Николай устроился работать на лошади. Возил навоз на пары, сено и что придется. Незаметно стал выпивать, тихо, тайком, пряча, пустую посуду в сарае. Иногда крепко засыпал на своей постели или на сеновале, засыпал, не раздеваясь, сжавшись в комок. Как-то поздно вечером, втихую выпив, сказал жене, глядя, как она стелет постель:
--Непонятно мы живем. Непонятно...
--Живем, как все живут.
Он глубоко вздохнул, побарабанил пальцами по спичечному коробку.
--Ты,Тоня,если на танцы хочется или еще что - я разрешаю...Только с умом делай...Чтоб никто...
--Чего мелешь-то! Что я, б...какая.
--Я понимаю. Не без понятия.
--Живем, как все. И брось дурить, - повторила она.
Глядя на его узкую, с выдающимися лопатками спину, на тонкую шею, она от жалости смягчилась, погладила по острому плечу. - Погоди, Коля...Все пройдет. Пройдет.

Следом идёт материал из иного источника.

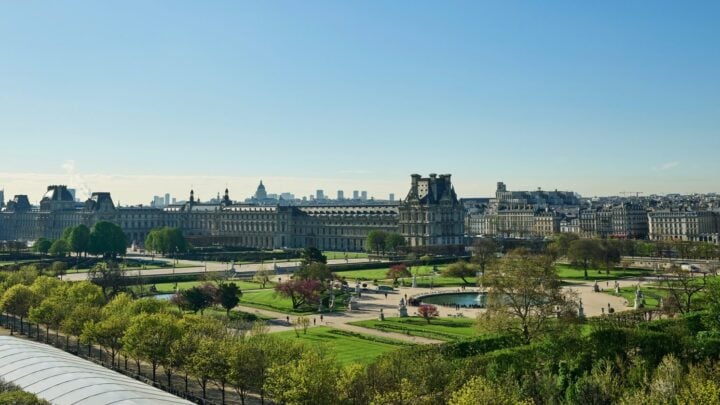 在Le Meurice的Belle Etoile顶层套房的露台上欣赏巴黎的天际线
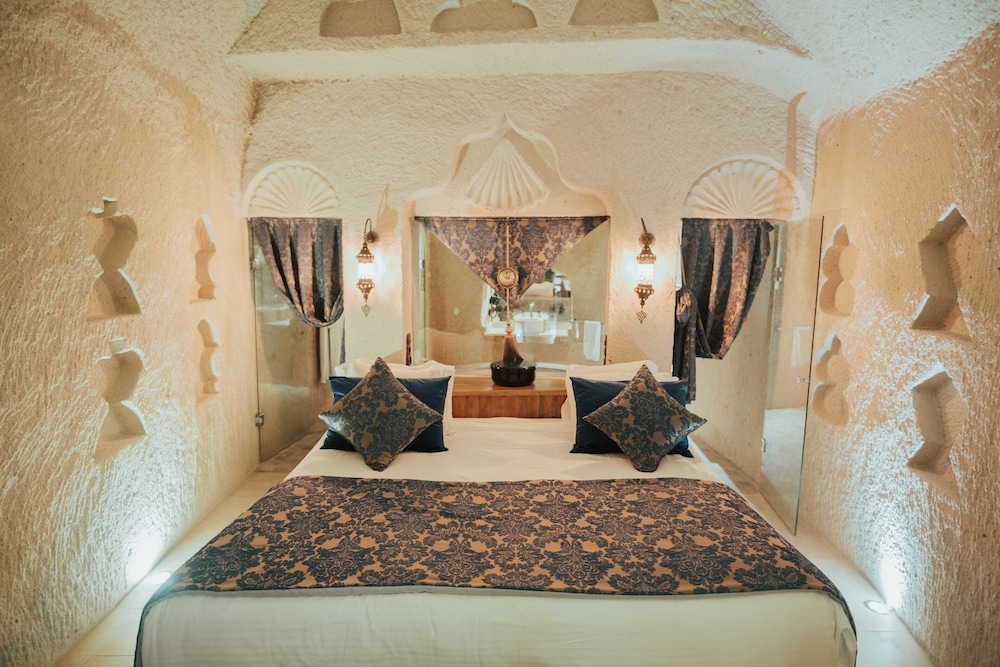 Queen Cave Suite with Stone Bathtub - Photo 1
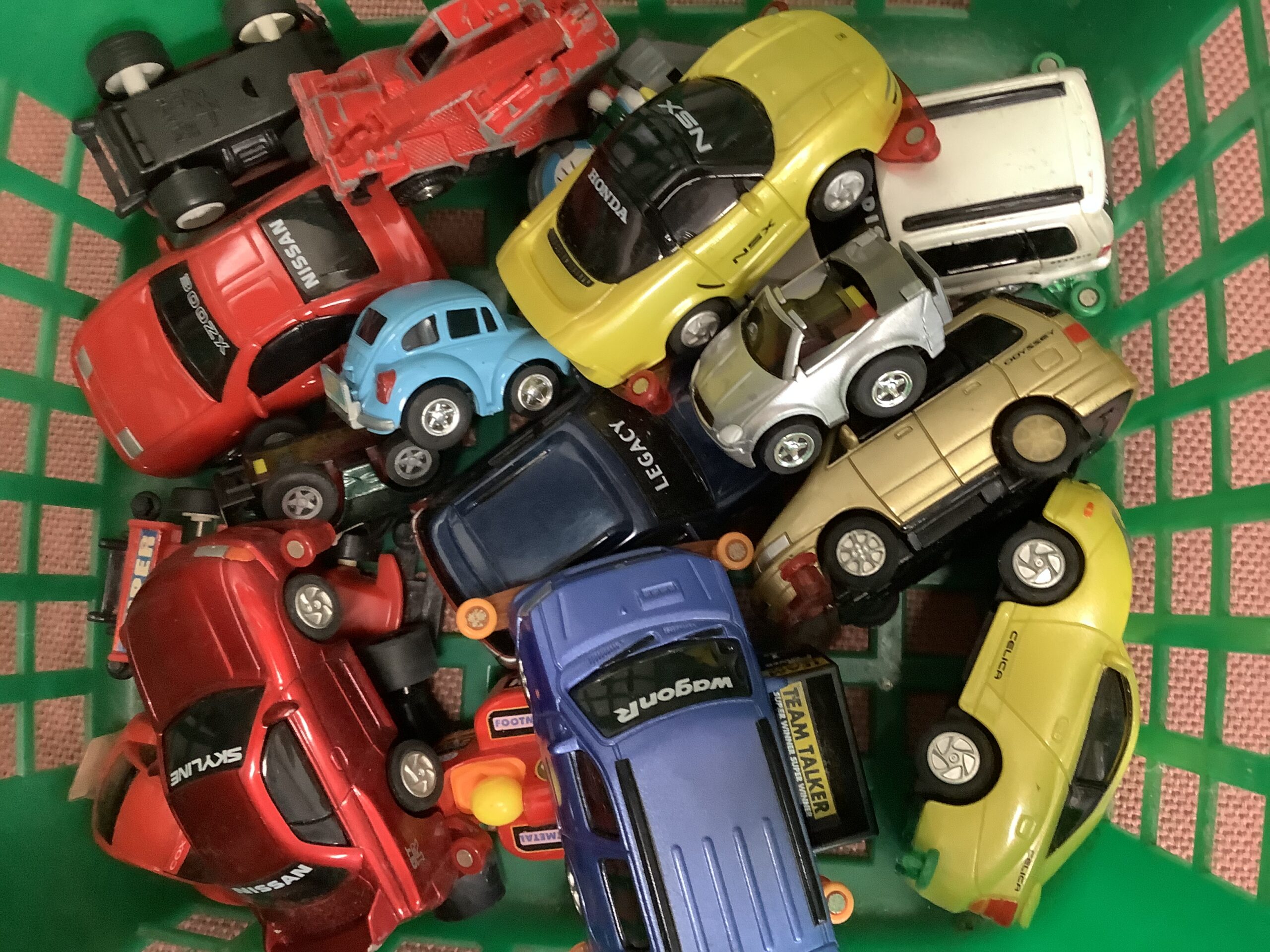 倉敷市茶屋町で回収したおもちゃのミニカー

Ей тогда захотелось всплакнуть, и она тихо, еле слышно запела:
Ле-тят ут-ки, летят у - ут - ки...
На озере совсем близко плеснул шальной окунь, теплый ветер, пахнущий таволгой, сморщил воду. Тоня выполоскала все белье, выпрямила затекшие ноги, взяла таз. Неумолчно цокали сверчки, на прибрежной тенистой липе стонала разморенная жарой галка. Тоня пошла в гору, увидела на влажном песке свои следы. Они были похожи на маленькие скрипки. Это очередное внезапное открытие заслонило думы о жизни, наполнило радостью непонятной, необъяснимой, так как в тот момент ничто внешне не изменилось к лучшему, ничего хорошего не прибавилось. Но отчего эта внезапная радость? Отчего она ищет сравнения звукам, краскам, вещам? Зачем? С какой целью?
Она развесила белье на белой веревке, протянутой от угла сарая к стволу тополя, прислонила пустой таз к забору, направилась в избу. На кухне было душно: накурено, пахло щами и табаком.
--Поросенка, Николай, коли с умом - брать надо по весне, - поучал отец. - И не в Удомле, а в Гриблянке. Там совхозные и покрепче, и подешевле.
--Наперед вызнать надо. А то приедешь зазря. Вон Федя Клопов думает порося покупать. Его и держись, - советовала мать.